A body projected vertically upwards with a certain speed from the top of a tower reaches the ground in $$t_1$$. If it is projected vertically downwards from the same point with the same speed, it reaches the ground in $$t_2$$. Time required to reach the ground, if it is dropped from the top of the tower, is :

Let the tower height be $$h$$, initial speed be $$u$$, and $$g$$ be acceleration due to gravity.

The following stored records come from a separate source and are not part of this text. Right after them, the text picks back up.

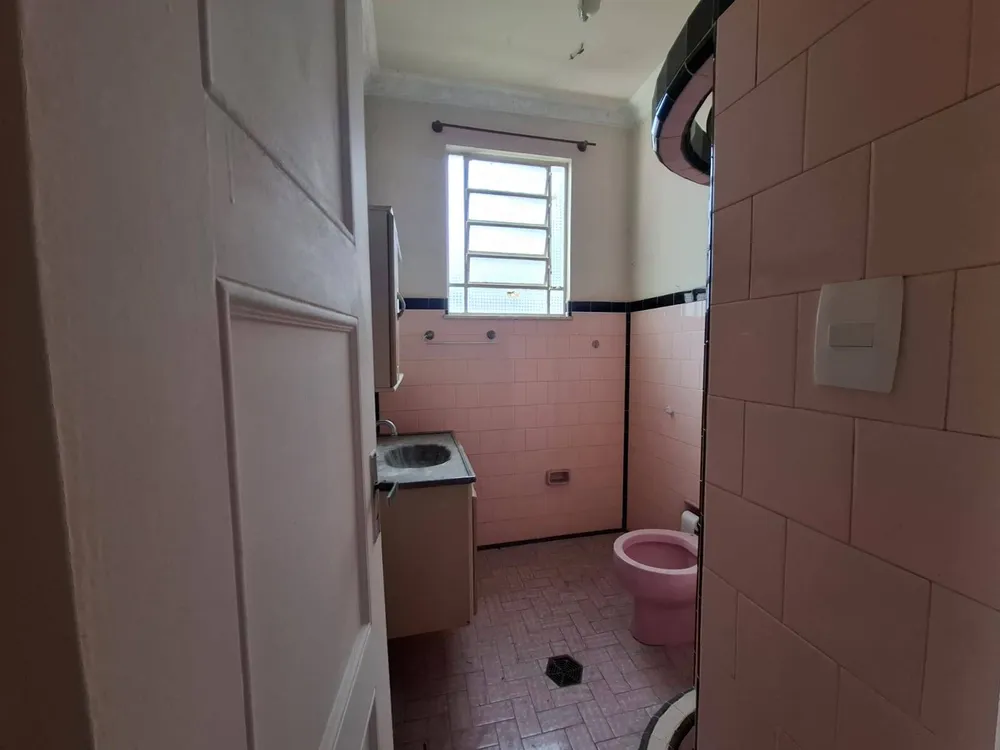 Apartamento, 2 quartos, 91 m² - Foto 9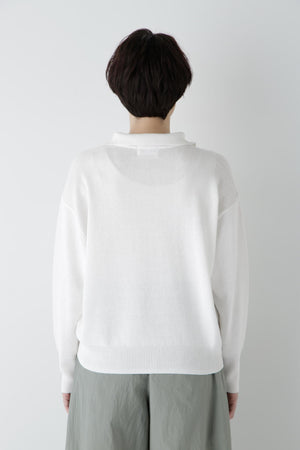 6747aaf6-2b67-5539-b1ba-702a8a926e1e_Image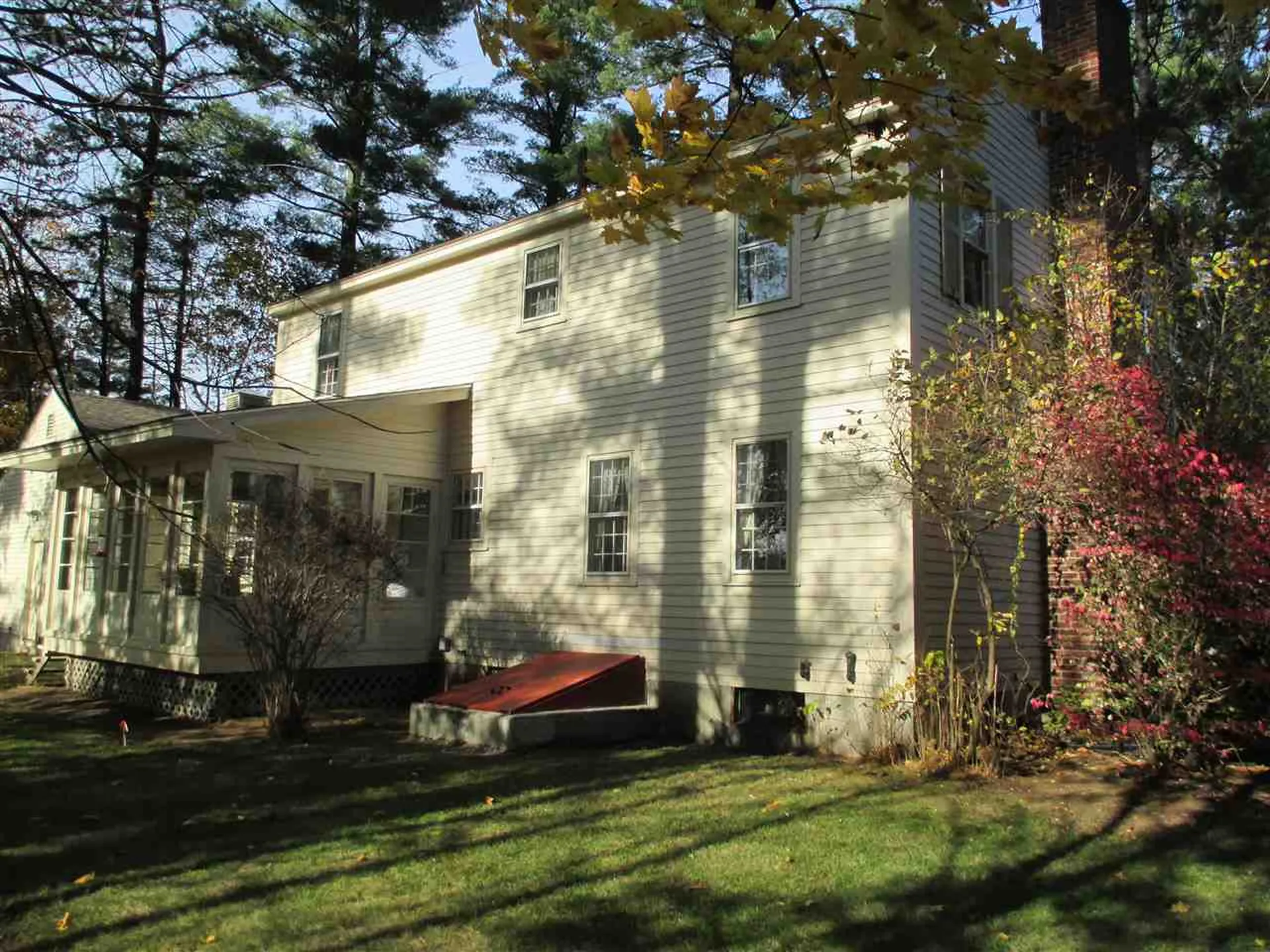 11 Susan Lane Rochester NH 03867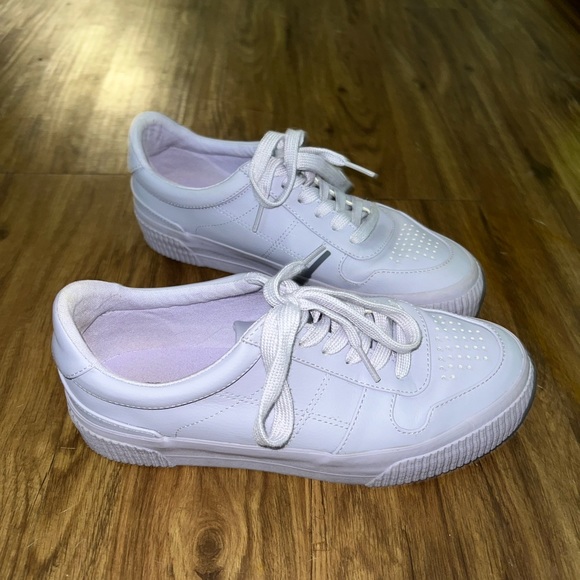 ASOS online - Picture 2 of 3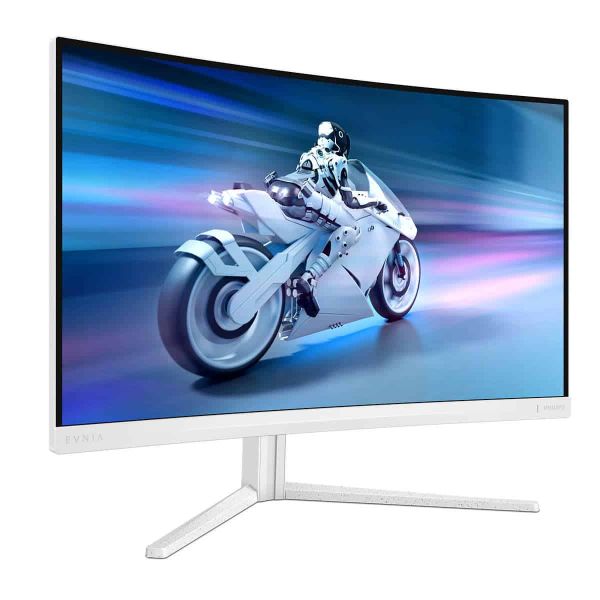 Philips 27M2C5201L/00 computer monitor (27M2C5201L/00)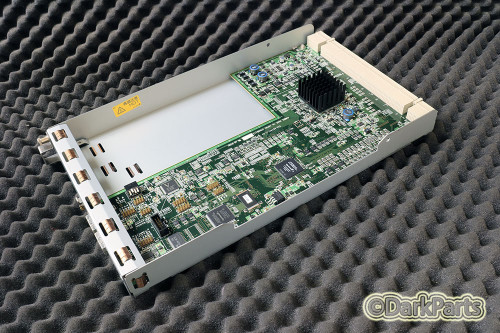 NEC 243-413949-001 BC3 ASSY Controller Module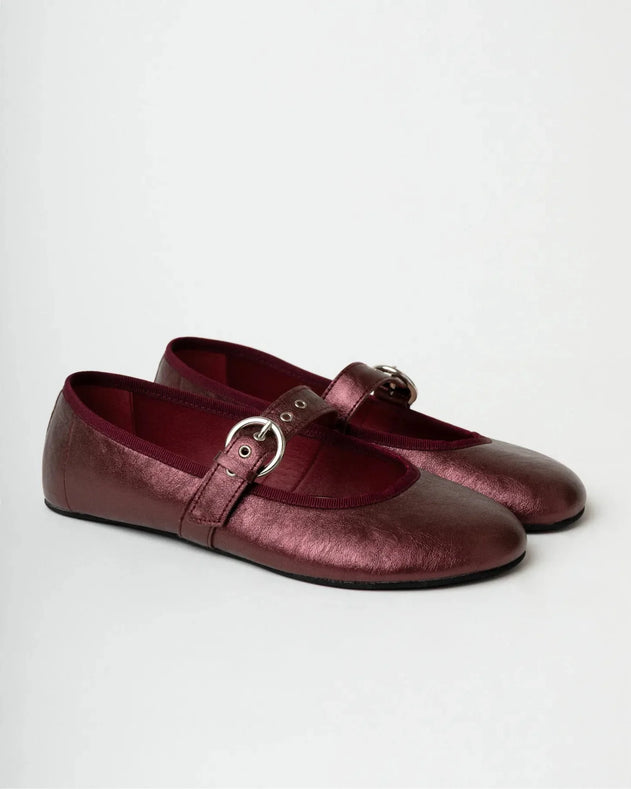 305566022.webp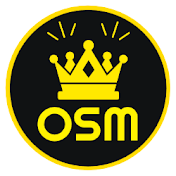 OSM King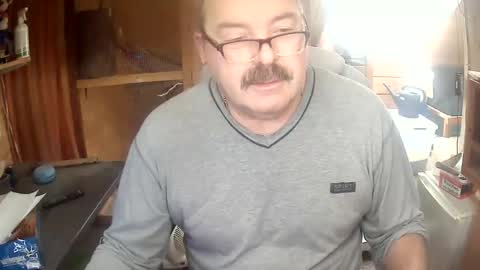 Snapshot of germany_50 chatting on 02/24/26, 08:12 germany_50 online show from 02/24/26, 08:12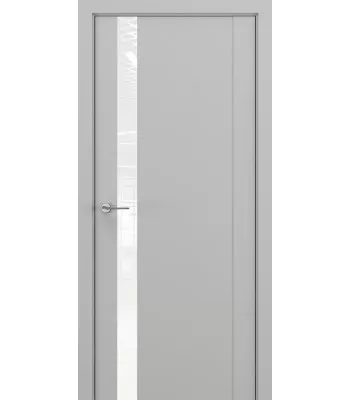 S26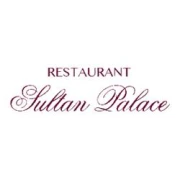 Logo Sultan Palace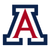 Arizona logo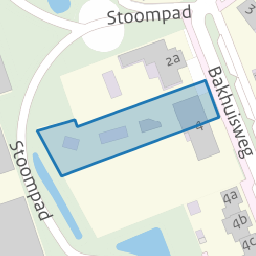 Perceel MIL00-D-2685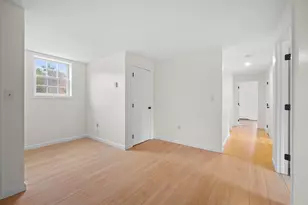 18 Shannon Way, Brentwood, NH 03833 - Photo 22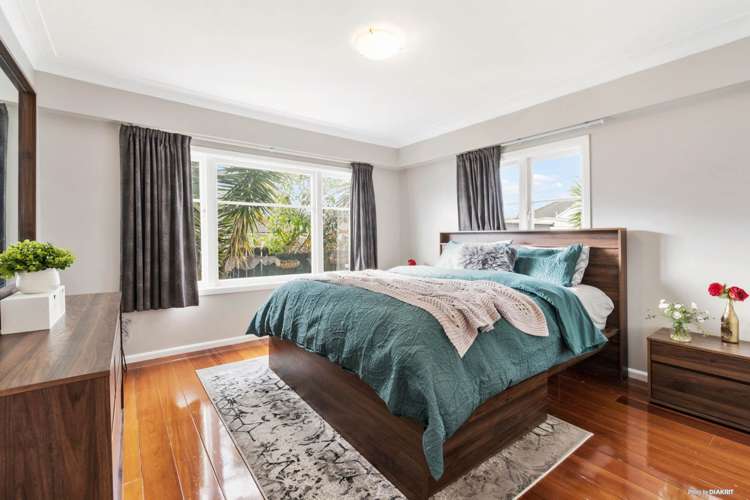 109a Porchester Road Papakura_7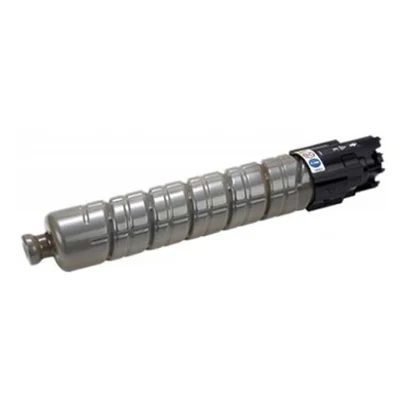 Compatible Toner IM C300 for Ricoh (842382) (Black)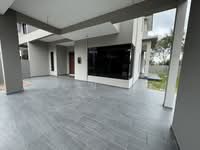 For Sale - Taman Permatang Pasir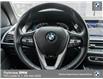 2019 BMW X5 xDrive40i (Stk: PP10482) in Toronto - Image 10 of 23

Projected upward: Taking downward as positive:

$$h = -ut_1 + \frac{1}{2}gt_1^2$$ ... (1)

Projected downward:

$$h = ut_2 + \frac{1}{2}gt_2^2$$ ... (2)

Dropped (u = 0):

$$h = \frac{1}{2}gt^2$$ ... (3)

From (1): $$h = \frac{1}{2}gt_1^2 - ut_1$$
From (2): $$h = \frac{1}{2}gt_2^2 + ut_2$$

Adding (1) and (2): $$2h = \frac{1}{2}g(t_1^2 + t_2^2) + u(t_2 - t_1)$$

Subtracting (1) from (2): $$0 = \frac{1}{2}g(t_2^2 - t_1^2) + u(t_1 + t_2)$$

$$u = \frac{g(t_1^2 - t_2^2)}{2(t_1 + t_2)} = \frac{g(t_1 - t_2)}{2}$$

Substituting back into (2): $$h = \frac{g(t_1-t_2)}{2} \cdot t_2 + \frac{1}{2}gt_2^2 = \frac{g}{2}(t_1 t_2 - t_2^2 + t_2^2) = \frac{g t_1 t_2}{2}$$

From (3): $$t = \sqrt{\frac{2h}{g}} = \sqrt{\frac{2 \cdot \frac{g t_1 t_2}{2}}{g}} = \sqrt{t_1 t_2}$$.

The correct answer is Option A: $$\sqrt{t_1 t_2}$$.